Mobile Commerce and Security Issues Sami S. Elkurdi School of Business, Postgraduate Studies Department Cyprus International University Lefkoşa, K.K.T.C
[email protected]
Abstract— This article intends to illustrate the m-commerce as a new sector emerging from the e-commerce platform. And On the other hand, describing the security concerns appearing during the process between the Payer/Payee transactions, and the consequences that might affect the development of the growing marketplace. At the end, expressing the suggested solutions that could be applied to overcome these security issues. Keywords- m-commerce; security; Market; customer; mobile; Privacy.
I.
INTRODUCTION
We live in a mobile world, a world where the consumer is connected and empowered. Today, nearly 90 percent of the global population, or more than 6.8 billion people, live with reach of a mobile signal, and there are more than 5.3 billion mobile connections. Out of these 5.3 billion connections, there are 3.75 billion unique mobile users. Moreover, people are not just carrying these devices; they’re also using them.

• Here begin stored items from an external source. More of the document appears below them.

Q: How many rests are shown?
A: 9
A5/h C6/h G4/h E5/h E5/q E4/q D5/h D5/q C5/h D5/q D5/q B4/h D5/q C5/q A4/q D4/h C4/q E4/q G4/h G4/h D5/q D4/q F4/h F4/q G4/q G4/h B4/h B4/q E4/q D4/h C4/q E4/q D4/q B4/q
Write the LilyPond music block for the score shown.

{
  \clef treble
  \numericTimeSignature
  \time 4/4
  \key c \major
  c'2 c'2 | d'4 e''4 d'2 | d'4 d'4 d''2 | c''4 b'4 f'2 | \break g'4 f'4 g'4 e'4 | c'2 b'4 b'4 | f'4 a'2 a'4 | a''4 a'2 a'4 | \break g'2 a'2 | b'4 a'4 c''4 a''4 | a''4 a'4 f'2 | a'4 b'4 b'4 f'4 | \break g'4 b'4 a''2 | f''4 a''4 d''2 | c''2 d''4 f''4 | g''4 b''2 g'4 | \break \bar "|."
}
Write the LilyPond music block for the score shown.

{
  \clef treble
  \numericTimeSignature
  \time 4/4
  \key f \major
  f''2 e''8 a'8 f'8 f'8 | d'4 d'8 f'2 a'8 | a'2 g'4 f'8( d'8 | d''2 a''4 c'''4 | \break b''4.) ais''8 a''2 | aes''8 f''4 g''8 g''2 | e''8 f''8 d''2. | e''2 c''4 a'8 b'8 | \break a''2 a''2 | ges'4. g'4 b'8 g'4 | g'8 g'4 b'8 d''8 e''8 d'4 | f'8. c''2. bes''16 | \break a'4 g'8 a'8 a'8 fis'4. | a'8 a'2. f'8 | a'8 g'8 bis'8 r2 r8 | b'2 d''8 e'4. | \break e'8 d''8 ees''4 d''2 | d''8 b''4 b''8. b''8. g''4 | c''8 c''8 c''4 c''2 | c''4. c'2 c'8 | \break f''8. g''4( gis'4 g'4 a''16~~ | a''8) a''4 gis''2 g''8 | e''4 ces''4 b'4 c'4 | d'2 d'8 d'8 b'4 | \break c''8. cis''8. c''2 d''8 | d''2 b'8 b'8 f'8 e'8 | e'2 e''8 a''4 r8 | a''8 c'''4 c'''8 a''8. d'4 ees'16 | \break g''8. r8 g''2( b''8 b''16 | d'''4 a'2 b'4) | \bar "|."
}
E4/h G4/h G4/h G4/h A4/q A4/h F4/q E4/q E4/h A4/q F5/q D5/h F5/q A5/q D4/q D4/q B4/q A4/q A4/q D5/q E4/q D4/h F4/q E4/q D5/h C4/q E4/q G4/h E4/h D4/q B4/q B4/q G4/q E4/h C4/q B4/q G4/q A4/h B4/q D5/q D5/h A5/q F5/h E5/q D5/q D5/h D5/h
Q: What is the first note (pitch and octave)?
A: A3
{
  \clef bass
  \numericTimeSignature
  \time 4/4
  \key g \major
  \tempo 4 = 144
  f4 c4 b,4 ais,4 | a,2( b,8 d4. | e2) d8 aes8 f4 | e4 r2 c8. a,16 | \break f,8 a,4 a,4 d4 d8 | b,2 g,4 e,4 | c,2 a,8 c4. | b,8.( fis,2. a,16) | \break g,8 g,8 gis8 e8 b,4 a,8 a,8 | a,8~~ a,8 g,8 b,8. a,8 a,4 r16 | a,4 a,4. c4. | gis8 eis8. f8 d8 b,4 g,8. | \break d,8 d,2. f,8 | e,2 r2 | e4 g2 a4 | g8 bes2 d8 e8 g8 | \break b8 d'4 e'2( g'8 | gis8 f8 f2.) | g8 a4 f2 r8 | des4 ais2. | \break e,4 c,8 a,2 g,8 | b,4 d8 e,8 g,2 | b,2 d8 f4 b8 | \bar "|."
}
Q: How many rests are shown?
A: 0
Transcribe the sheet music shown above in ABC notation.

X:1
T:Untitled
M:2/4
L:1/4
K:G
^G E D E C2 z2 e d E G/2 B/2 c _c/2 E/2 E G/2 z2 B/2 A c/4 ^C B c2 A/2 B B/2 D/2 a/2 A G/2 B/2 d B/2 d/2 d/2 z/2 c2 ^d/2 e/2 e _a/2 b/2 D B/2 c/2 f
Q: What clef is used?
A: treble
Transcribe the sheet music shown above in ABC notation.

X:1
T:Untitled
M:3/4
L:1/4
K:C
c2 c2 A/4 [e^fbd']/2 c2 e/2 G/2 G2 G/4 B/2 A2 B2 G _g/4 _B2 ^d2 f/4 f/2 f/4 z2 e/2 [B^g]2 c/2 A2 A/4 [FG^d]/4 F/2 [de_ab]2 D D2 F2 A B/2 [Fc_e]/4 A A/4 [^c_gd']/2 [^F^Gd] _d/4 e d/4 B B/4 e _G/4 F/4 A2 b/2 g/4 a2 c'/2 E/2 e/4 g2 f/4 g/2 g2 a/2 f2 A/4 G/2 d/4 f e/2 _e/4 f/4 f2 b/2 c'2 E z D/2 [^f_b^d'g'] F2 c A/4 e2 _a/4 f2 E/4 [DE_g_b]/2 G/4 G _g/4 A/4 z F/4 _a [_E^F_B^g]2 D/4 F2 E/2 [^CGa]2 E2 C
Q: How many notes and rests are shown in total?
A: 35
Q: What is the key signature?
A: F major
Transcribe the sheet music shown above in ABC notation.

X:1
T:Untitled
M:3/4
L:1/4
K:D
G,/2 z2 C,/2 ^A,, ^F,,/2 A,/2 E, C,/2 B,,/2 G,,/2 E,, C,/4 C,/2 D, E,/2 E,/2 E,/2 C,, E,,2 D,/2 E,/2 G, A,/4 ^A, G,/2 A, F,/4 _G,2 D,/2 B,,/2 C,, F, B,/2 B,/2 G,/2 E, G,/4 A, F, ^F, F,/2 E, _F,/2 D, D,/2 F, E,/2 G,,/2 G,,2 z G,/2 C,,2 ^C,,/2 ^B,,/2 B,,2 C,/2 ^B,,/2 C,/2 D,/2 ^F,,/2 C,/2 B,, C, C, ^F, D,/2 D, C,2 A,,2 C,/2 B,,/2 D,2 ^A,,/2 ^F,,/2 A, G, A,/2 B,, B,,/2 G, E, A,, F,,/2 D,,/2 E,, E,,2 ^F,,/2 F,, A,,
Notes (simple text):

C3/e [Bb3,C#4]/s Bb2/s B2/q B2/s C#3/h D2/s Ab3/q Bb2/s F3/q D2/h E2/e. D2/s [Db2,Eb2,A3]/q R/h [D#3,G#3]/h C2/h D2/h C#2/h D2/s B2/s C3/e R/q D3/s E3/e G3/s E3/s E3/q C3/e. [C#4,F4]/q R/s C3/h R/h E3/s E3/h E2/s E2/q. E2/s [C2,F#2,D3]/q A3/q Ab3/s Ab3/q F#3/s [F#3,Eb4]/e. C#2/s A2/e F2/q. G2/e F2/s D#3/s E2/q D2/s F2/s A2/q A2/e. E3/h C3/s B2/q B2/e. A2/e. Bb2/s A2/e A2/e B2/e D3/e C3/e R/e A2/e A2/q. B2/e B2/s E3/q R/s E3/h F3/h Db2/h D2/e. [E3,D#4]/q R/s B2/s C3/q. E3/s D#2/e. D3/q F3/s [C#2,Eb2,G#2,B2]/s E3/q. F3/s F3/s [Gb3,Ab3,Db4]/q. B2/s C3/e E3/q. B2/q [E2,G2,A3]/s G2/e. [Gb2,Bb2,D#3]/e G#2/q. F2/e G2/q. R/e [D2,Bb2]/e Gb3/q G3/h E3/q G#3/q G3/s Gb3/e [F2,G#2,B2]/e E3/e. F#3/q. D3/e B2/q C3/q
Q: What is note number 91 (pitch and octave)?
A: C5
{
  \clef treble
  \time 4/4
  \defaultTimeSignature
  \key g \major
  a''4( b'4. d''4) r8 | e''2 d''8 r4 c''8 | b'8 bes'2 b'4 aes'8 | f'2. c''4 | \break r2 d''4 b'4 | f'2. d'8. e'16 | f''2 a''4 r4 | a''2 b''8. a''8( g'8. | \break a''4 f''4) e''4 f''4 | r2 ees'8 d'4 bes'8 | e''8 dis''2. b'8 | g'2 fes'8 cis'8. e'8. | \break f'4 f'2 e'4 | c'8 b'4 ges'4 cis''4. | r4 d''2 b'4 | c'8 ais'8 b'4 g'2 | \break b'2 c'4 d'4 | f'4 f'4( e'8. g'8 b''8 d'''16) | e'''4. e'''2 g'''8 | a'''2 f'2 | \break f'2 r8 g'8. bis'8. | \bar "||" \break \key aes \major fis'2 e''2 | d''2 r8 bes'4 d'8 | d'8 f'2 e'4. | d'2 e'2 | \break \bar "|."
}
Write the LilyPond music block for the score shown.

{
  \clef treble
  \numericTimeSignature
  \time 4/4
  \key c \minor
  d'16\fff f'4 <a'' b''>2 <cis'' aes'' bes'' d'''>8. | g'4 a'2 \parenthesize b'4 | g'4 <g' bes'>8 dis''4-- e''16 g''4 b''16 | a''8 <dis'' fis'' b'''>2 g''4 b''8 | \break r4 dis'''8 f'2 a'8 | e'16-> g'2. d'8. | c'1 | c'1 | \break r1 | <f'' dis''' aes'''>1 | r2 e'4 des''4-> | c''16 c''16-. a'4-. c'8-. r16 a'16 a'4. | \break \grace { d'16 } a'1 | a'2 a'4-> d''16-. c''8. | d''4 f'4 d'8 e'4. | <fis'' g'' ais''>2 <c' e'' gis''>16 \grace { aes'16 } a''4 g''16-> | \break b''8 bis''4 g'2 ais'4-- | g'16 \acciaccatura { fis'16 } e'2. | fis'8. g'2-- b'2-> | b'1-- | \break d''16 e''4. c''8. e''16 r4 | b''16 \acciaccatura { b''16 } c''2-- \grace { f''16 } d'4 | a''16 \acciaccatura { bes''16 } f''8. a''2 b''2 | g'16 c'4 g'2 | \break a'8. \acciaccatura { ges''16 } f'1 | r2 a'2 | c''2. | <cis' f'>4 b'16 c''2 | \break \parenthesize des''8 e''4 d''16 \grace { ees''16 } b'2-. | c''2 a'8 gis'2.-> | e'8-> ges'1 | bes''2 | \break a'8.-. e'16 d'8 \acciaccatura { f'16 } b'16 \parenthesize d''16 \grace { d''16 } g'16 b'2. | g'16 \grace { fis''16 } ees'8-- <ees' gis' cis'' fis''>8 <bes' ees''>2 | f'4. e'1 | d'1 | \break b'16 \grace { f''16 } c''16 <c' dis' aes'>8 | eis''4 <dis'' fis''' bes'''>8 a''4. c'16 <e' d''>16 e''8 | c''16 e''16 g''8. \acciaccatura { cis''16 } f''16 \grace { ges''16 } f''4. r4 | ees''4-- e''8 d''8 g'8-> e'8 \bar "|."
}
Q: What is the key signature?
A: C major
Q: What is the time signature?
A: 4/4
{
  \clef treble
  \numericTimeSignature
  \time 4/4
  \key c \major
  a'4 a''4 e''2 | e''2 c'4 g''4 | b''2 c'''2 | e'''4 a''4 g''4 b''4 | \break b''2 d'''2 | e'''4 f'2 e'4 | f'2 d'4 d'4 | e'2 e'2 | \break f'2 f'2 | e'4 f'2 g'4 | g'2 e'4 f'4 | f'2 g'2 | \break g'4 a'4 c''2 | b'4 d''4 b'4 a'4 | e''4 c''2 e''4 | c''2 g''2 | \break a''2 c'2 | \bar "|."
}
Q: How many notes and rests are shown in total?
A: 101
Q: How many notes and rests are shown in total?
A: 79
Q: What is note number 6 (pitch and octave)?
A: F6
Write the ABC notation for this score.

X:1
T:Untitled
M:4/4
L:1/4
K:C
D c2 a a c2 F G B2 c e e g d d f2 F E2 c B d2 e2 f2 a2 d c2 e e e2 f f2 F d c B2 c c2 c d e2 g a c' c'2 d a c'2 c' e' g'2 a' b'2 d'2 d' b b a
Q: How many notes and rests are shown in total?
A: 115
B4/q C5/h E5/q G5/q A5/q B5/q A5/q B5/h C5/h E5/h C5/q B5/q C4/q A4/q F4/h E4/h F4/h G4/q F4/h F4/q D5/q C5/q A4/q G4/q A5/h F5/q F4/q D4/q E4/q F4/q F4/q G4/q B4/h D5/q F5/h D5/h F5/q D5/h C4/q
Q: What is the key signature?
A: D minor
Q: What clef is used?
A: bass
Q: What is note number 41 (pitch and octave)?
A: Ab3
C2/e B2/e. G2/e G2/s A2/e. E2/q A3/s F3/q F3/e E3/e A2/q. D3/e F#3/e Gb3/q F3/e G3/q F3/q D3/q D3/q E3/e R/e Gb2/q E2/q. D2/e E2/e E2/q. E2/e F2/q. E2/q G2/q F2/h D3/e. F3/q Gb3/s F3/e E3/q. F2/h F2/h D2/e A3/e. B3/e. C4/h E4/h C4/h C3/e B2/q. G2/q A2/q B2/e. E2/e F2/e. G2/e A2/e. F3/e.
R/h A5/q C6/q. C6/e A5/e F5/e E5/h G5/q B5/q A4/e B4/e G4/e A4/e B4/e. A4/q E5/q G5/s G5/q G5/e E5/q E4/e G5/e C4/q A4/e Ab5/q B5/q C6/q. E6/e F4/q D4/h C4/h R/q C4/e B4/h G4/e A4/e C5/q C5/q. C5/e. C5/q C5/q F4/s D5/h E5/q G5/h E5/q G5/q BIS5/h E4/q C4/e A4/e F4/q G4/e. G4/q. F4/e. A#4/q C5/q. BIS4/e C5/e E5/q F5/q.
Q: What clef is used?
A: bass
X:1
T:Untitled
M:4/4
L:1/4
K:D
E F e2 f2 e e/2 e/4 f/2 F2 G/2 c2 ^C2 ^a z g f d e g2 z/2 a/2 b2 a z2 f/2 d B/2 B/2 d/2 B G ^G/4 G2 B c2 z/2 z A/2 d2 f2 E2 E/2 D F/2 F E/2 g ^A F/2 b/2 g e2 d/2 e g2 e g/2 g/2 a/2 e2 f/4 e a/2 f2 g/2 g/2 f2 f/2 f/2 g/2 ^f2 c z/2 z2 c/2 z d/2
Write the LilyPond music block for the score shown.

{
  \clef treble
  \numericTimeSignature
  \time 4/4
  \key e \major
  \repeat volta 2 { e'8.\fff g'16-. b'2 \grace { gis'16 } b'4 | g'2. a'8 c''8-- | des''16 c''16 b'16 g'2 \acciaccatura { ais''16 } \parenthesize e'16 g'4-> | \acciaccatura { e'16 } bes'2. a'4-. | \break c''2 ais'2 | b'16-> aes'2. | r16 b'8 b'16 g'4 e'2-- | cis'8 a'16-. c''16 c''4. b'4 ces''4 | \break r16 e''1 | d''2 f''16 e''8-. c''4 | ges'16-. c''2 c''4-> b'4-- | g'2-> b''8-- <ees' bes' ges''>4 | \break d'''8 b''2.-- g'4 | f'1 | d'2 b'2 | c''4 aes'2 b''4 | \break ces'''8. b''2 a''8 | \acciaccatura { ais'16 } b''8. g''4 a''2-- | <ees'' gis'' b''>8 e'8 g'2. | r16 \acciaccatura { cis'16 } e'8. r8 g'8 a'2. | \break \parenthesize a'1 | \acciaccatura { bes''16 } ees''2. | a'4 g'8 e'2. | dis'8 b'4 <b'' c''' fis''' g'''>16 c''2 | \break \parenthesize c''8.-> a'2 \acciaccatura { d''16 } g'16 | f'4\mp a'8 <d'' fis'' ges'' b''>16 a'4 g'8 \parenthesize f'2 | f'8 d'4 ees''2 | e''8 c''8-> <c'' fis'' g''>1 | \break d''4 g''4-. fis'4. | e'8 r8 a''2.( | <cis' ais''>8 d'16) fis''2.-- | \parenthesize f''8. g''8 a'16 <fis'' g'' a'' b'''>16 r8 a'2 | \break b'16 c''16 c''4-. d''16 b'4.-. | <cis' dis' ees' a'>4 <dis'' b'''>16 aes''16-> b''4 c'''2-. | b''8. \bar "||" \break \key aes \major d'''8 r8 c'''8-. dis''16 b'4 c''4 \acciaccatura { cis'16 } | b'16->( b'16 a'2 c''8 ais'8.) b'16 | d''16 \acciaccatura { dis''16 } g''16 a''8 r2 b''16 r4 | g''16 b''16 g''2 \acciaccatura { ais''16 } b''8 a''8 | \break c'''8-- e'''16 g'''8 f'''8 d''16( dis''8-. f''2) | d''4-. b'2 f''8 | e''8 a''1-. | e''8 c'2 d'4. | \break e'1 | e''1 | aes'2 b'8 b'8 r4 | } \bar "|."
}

More than 6 trillion text messages were sent worldwide in 2010, mobile internet use in on the rise globally, applications are being downloaded in the billions, and increasingly, these people are using their mobile devices to respond to mobile, digital, and traditional advertising. They are also using their device to interact with promotional offers and to visit the mobile web. They are also using mobile to make purchases. (i.e. via mobile commerce) II.
M-COMMERCE
Is a term that is used to refer to the growing practice of conducting financial and promotional activities with the use of a wireless handheld device. The term m-commerce is short for mobile commerce, and recognizes that the transactions may be conducted using cell phones, personal digital assistants and other hand held devices that have operate with Internet access. (Victoria 2010) A. 2 Branches of Mobile Commerce Mobile commerce, as a term, has taken on a dual meaning, describing either making online payments or purchases from a mobile device (mobile ecommerce) and using a mobile device to make payments at a physical store’s point of sale. (Armando 2013, Yazdanifard, Rashad; Elkhabir, Mohamed; 2011) Assuming that shoppers begin to use mobile digital wallets more frequently, there may be little difference in how a shopper makes a smartphone based purchase in a traditional
store or via an ecommerce site. In both cases, it could be a matter of opening the mobile digital wallet and tapping a buy button or holding a fingertip over a designated scanner. This commonality, in turn, could mean that more shoppers will shop ecommerce sites from mobile devices. B. Mobile Marketing The mobile marketing Association defines mobile marketing as: A set of practices that enables organizations to communicate and engage with their audience in an interactive and relevant manner through any mobile device or network. C. Drivers of M-commerce Widespread availability of more powerful mobile devices, the handset culture, the service economy, Vendors‟ push, the mobile workforce, increased mobility, improved price and performance, Improvement of bandwidth. (Niranjanamurthy M, Kavyashree N, Mr S.Jagannath, DR. Dharmendra Chahar 2013) III.
CHALLENGES
Today, privacy and security are a major concern for electronic technologies. M-commerce shares security concerns with other technologies in the field. Privacy concerns have been found, revealing a lack of trust in a variety of contexts, including commerce, electronic health records, e-recruitment technology and social networking, and this has directly influenced users. Security Challenges: Less processing power on devices, Slow Modular exponentiation and Primarily Checking (i.e., RSA), Crypto operations drain batteries (CPU intensive!), Less memory (keys, certs, etc. require storage) Few devices have crypto accelerators, or support for biometric authentication, No tamper resistance (memory can be tampered with, no secure storage); Primitive operating systems w/ no support for access control (Palm OS). (Niranjanamurthy M, Kavyashree N, Mr S.Jagannath, DR. Dharmendra Chahar 2013) A. Security Security has become one of the most important issues that must be resolved first to ensure success of electronic commerce (e-commerce). The low cost and wide availability of the Internet for businesses and customers has sparked a revolution in e-commerce and an e-commerce application may address one or several phases of a typical business transaction, and there exist various possibilities to model these phases. For
example, a possibility is to distinguish five phases of a business transaction. First, the merchant makes an offer for specific (information) goods or services. Secondly, according to this offer, the customer may submit the request online. Thirdly, the customer makes a payment and the merchant delivers the goods or services to the customer. The handling of the payment may involve many ways, such as online banking, post office, and cash on delivery (C.O.D) and so on.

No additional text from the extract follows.